(RECORD EXCERPTS Opens)

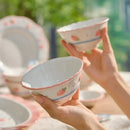 Axyaa Strawberry Hand-painted Ceramic Tableware Set for Household Dinner Plates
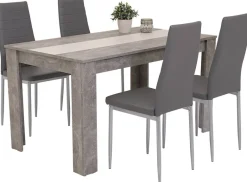 Tischgruppe Helene Beton Optik grau B/H/T: ca. 140x76x80 cm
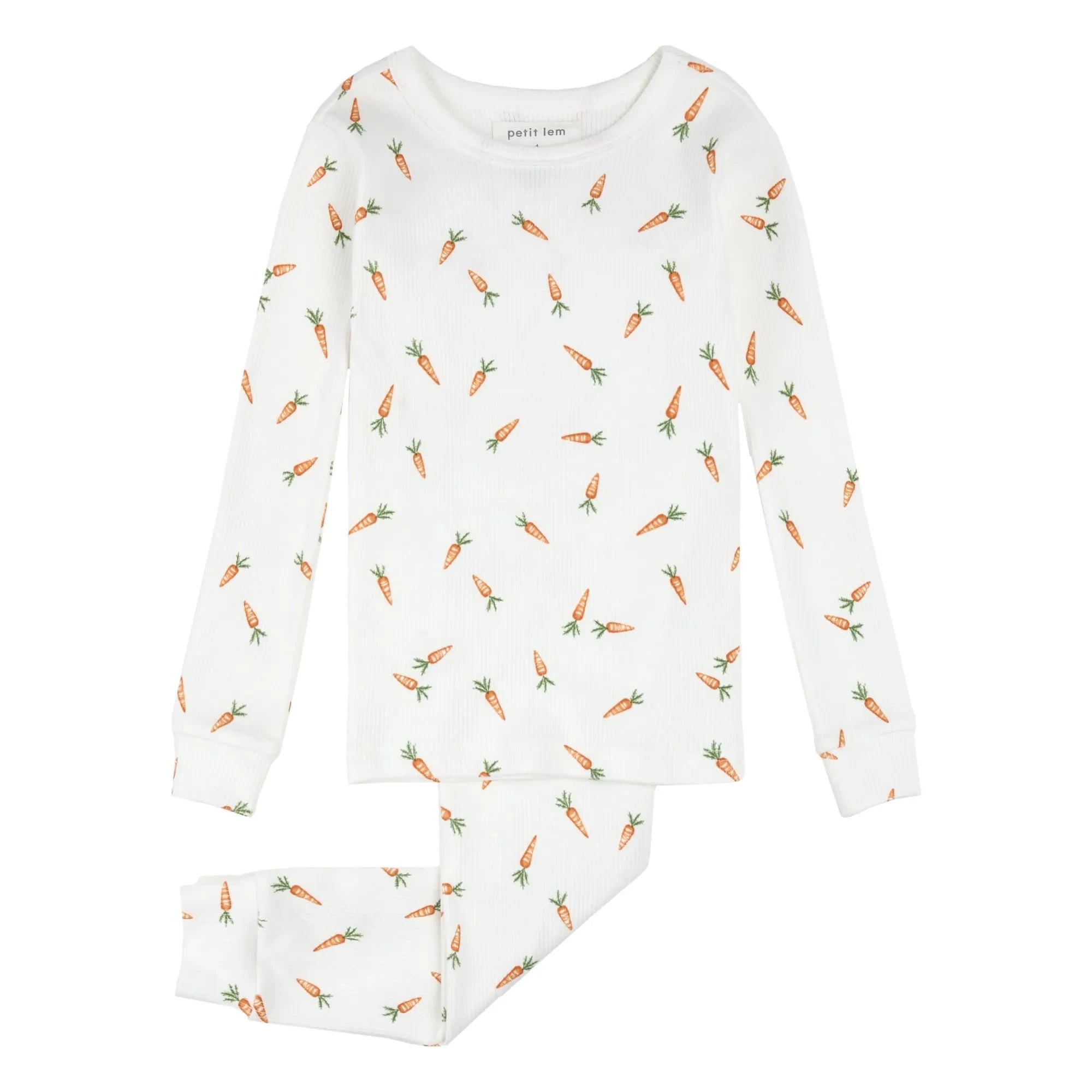 Petit Lem - Organik Pamuklu Fitilli Havuç Desenli Pijama | Beyaz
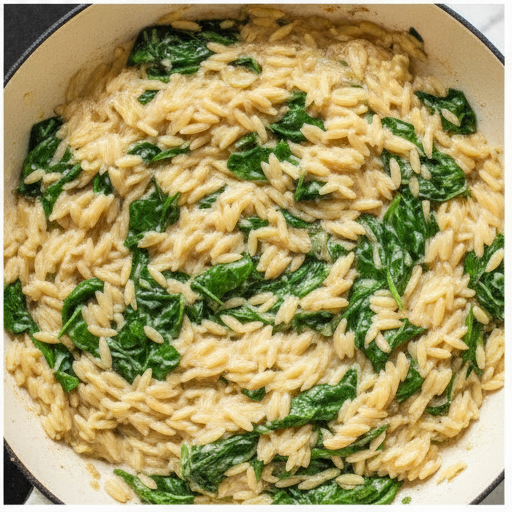 Sliced chicken fillets on top of creamy orzo, garnished with lemon slices and parsley
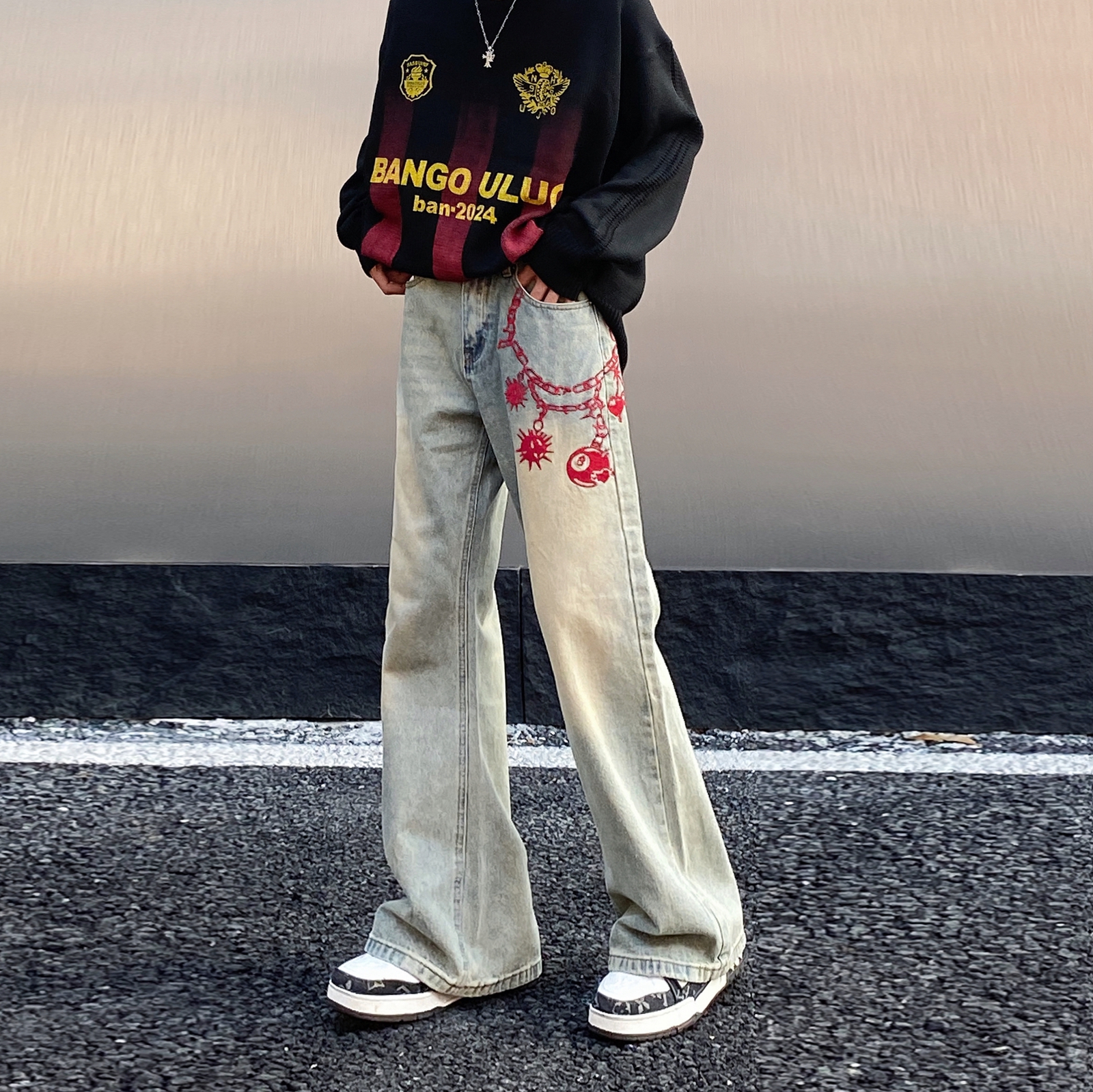 刺绣黄泥染牛仔裤vibe微喇叭长裤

(RECORD EXCERPTS Closes)

EXERCISE DESCRIPTION: Repeat each of the entries above exactly, but do not carry over the pictures.

THE ANSWER:
 Axyaa Strawberry Hand-painted Ceramic Tableware Set for Household Dinner Plates
 Tischgruppe Helene Beton Optik grau B/H/T: ca. 140x76x80 cm
 Petit Lem - Organik Pamuklu Fitilli Havuç Desenli Pijama | Beyaz
 Sliced chicken fillets on top of creamy orzo, garnished with lemon slices and parsley
 刺绣黄泥染牛仔裤vibe微喇叭长裤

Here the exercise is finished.